What if we could redesign the cloud from the ground up?
- We would realize that the foundation of the modern cloud stack is small and can be maintained by a tiny team.
- Despite being fast, networking isn't free. The concept of "disaggregated storage and compute" is great for convenience but not for software efficiency.
- Even the best compilers struggle to vectorize high-level code, resulting in approximately 10× lower hardware utilization for computational workloads.
- Most operating systems have custom mechanisms to accelerate I/O that are unused by 99% of modern software, leading to about 10× higher latency for networking and storage.
- Data-center servers often feature purpose-built accelerators, meaning a single simple build toolchain is unlikely to handle bleeding-edge heterogeneous software.
- Reimplementing solutions in every language isn't feasible. An abundant language with a well-defined committee and strong industry support, like C99 and C++17, should be used.
- Consolidating all cloud technology into a mono-repo increases component interdependencies, hindering the adoption of individual parts. A modular design with clear isolation is preferable.
Since 2015, Unum has been striving to meet all these conditions. We have developed a unified framework consisting of concise, low-level implementations for storage, computing, and AI modeling systems, all designed with efficiency in mind. This endeavor compelled us to build our own liquid-cooled clusters for R&D, collaborate closely with multiple cloud providers, and implement assembly-level optimizations often unique in the software industry.

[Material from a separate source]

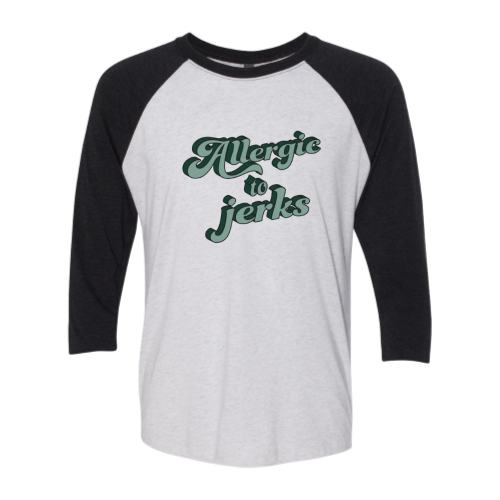 Allergic (green font) Baseball Tee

Today, some of our projects run on hundreds of millions of devices, trusted by unicorns, decacorns, trillion-dollar tech companies, governments, and even intelligence agencies. Our primary goal is to power the next generation of computing, focusing on applications in AI and computational science. Since 2022, we've been increasingly open-sourcing our work and look forward to sharing much more soon!

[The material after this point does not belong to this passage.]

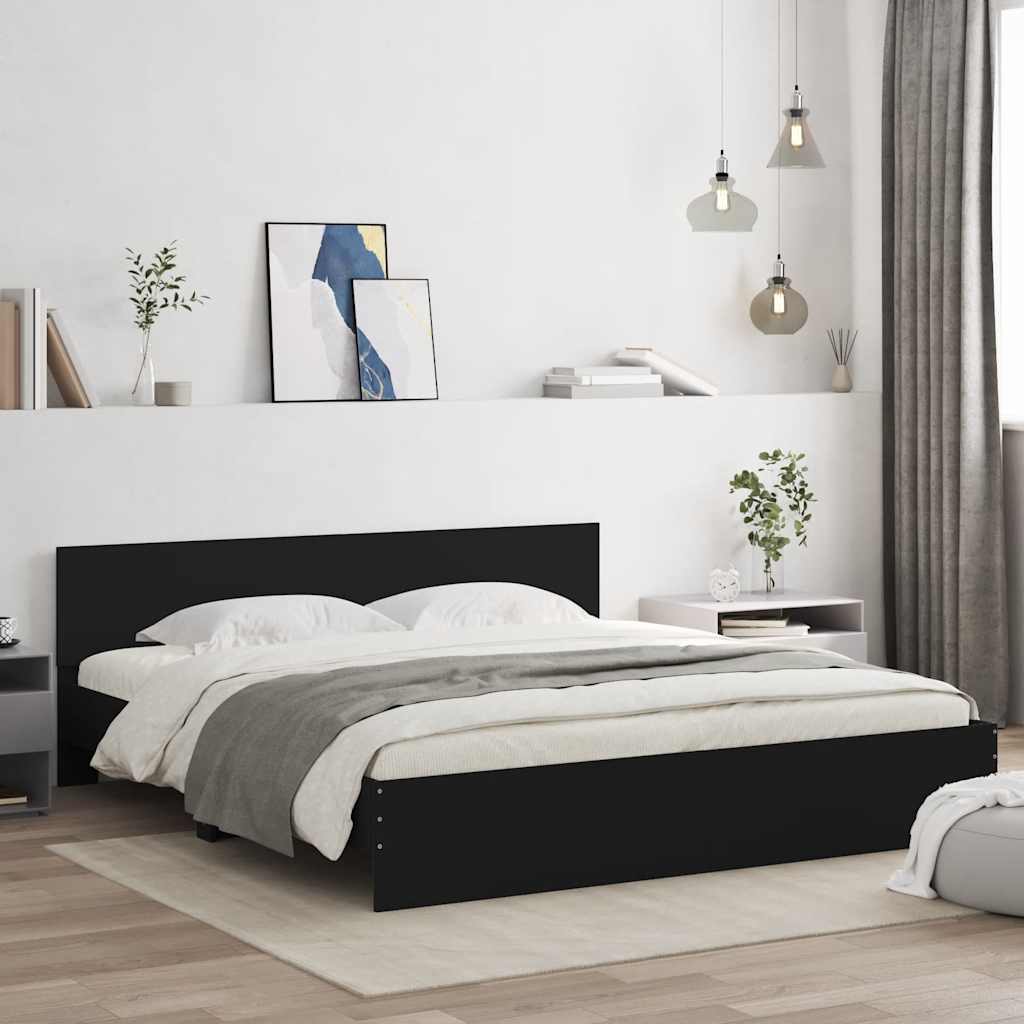 Estrutura de cama com cabeceira 200x200 cm preto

1 Most database management systems are built on top of just a few key-value stores, like RocksDB. Proximity graphs and algorithms like HNSW can replace most indexing data structures. Most networking is built on top of TCP/IP and relies on just a few algorithms. Similar statements hold true for numeric libraries, machine learning frameworks, and even the models built on top of them. 2 InfiniBand is now powering the majority of Top-500 supercomputers, and Remote Direct Memory Access systems provide convenient abstractions for users, but their latency is still orders of magnitude higher than accessing local memory. 3 Our optimizations encompass SIMD instructions across AVX2, AVX-512 generations, NEON, SVE, SVE2, Intel and Apple AMX variants, SME, WMMA, and other NVIDIA extensions. 4 We utilize SPDK, DPDK, and io_uring for Linux kernel bypass. 5 The last 10 years of attempts to build heterogeneous compilers, like SyCL, have failed, so multiple tools have to be used in conjunction. 6 Many mechanisms exist for implementing language bindings. Unum generally focuses on Python, Rust, and JavaScript as the primary languages in machine learning and the web.